Haxby Bakehouse, in Ryedale Court, has marked 10 years since it first opened its doors.

It is owned by husband and wife team Phil and Tina Clayton, who turned the premises from a health food shop into a bakery and delicatessen in 2008.

York Press:

The bakery is based at the back of the shop where Phil and his team make and bake a range of organic breads, pastries and cakes.

Tina, who runs the shop, said: “It has flown by.

“The business has gone from strength to strength.

“Phil and his team of bakers have worked hard to get to where we are today.”

The Bakehouse, which employs eight members of staff, supplies breads to 25-plus businesses in and around York, including The Grand Hotel and Castle Howard.

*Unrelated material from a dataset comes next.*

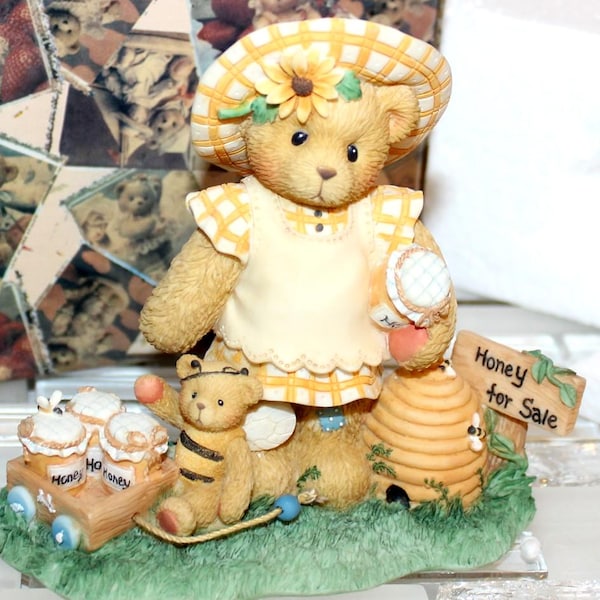 Summer Bee Keeper Vintage Cherished Teddies Figurine 661929  . You're the Bees Knees.  Collectible Figurine. Girl Gift Honey Seller Garden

All of its breads are made by hand using traditional slow fermentation methods.

The bakery uses organic flour with its breads, produced by Yorkshire Organic Millers, Stringers of Driffield and Shipton Mill.

It bakes more than 20 different types of bread, from sourdough to yeasted.

Its Yorkshire Mill Sourdough, which is half wholemeal, half white flour, won first place in the 2013 World Bread Awards, but Tina said the bakery’s Pain De Levain, which is a French-style loaf, is probably its most popular bread.

The Bakehouse featured in an article by The Guardian earlier this year, which asked top chefs and food experts from around the UK for the best meal or snack you can buy for a fiver or less.

Michelin-starred chef Tommy Banks, chef-owner of The Black Swan at Oldstead,

recommended the Bakehouse’s Focaccia.